Credit Risk Transfer Framework

The revision establishes a Category A/B institution classification for credit risk transfer (CRM) treatment. Category A institutions (internationally active/systemically important Als) must apply the comprehensive CRM framework under Part 7, while Category B institutions (all others) may use a simplified approach for specific exposures (e.g., CCR exposures with recognized netting or cash collateral). Category B institutions may opt for Category A treatment if they demonstrate adequate systems via HKMA approval, requiring validated exposure calculation processes and independent reviews. The HKMA will annually review Category A designations, distinct from Liquidity Rules categorization.

Group of Linked Counterparties (LC Group) Rules

The revision clarifies economic dependence criteria for LC group formation under Rule 41. Als may exclude entities economically dependent on a reference counterparty if the exposure to that counterparty is ≤5% of Tier 1 capital or the counterparty is an exempted sovereign entity. Economic dependence is defined by specific criteria (e.g., 50%+ revenue dependence, shared funding sources), with one-way dependence (e.g., Entity A dependent on Entity B) requiring only Entity A to be grouped under Entity B. The HKMA emphasizes Als should identify only direct economic dependencies, not indirect ones, though good practice encourages including indirect dependencies when known. Exempted sovereign entities and specified sovereign-owned entities (e.g., CIC, Huijin) receive special treatment under Rule 41(5) to avoid unnecessary grouping.

Clustering Limit Guidance

The HKMA provides detailed guidance on the clustering limit, requiring Als to set internal limits on aggregate non-exempt large exposures (≥10% of Tier 1 capital) to non-banks on unconsolidated and consolidated bases. The limit must be approved by the Board of Directors, with most Als operating within 200% of Tier 1 capital as a benchmark. The HKMA will assess acceptability based on capital adequacy, policy consistency, exposure characteristics, and risk management capabilities. Exposures covered by MA-approved letters of comfort are excluded from the clustering limit calculation.

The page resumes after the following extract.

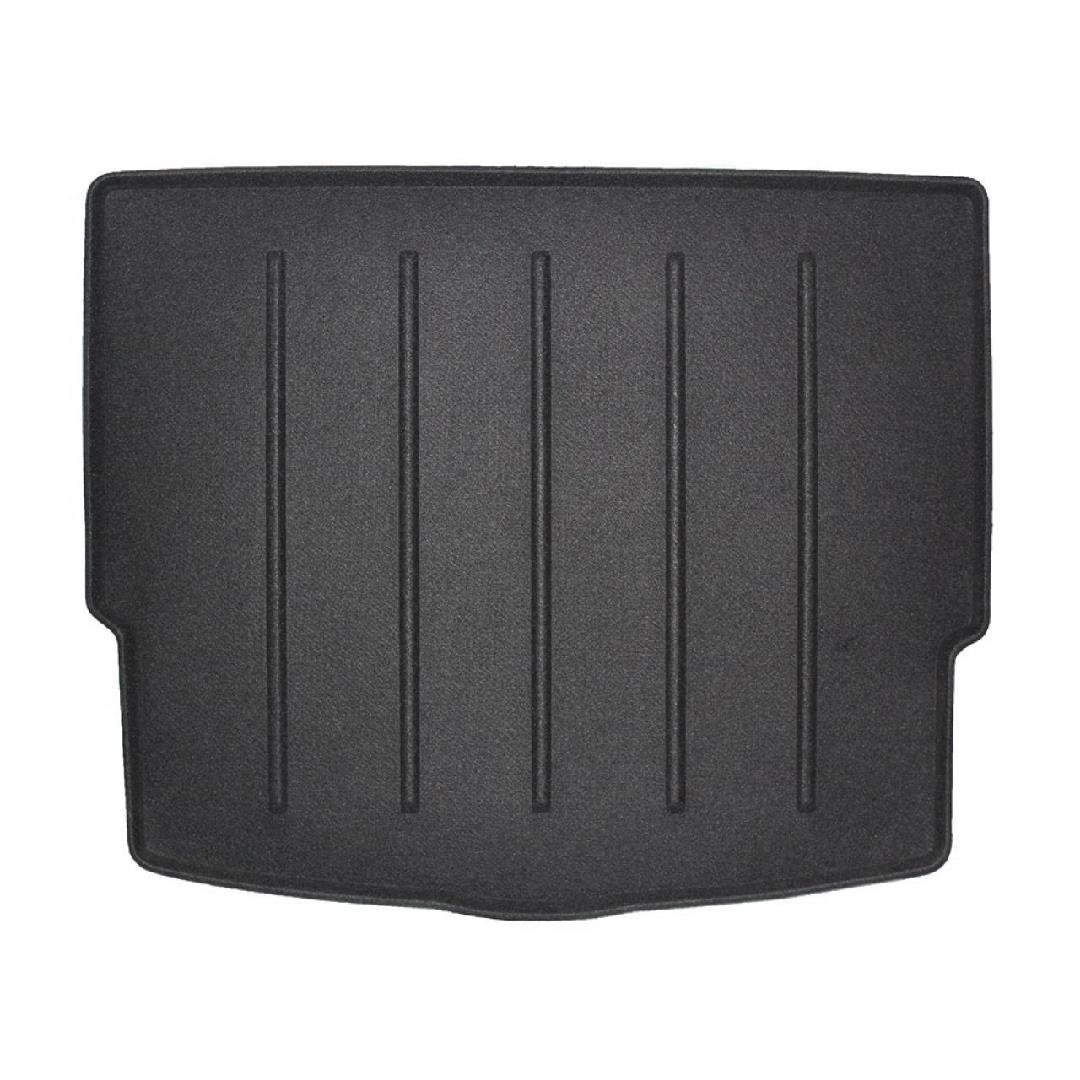 Nissan X-Trailer 7 Kişilik Elektirikli Halı Bagaj Havuzu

Reporting and Consequences of Breaches

Als must report large exposures via the 'Return of Large Exposures' (MA(BS)28) and certify compliance via 'Certificate of Compliance' (MA(BS)1F). Breaches of statutory limits or HKMA-imposed prudential limits require immediate notification to the HKMA, including breach details, impact assessment, and remediation plans. Failure to comply constitutes an offence under Section 81C(2) of the Banking Ordinance, with penalties for the institution and its directors/management. The HKMA may impose higher capital requirements, restrict business expansion, or revoke authorization if breaches indicate inadequate risk controls or non-compliance with minimum authorization criteria.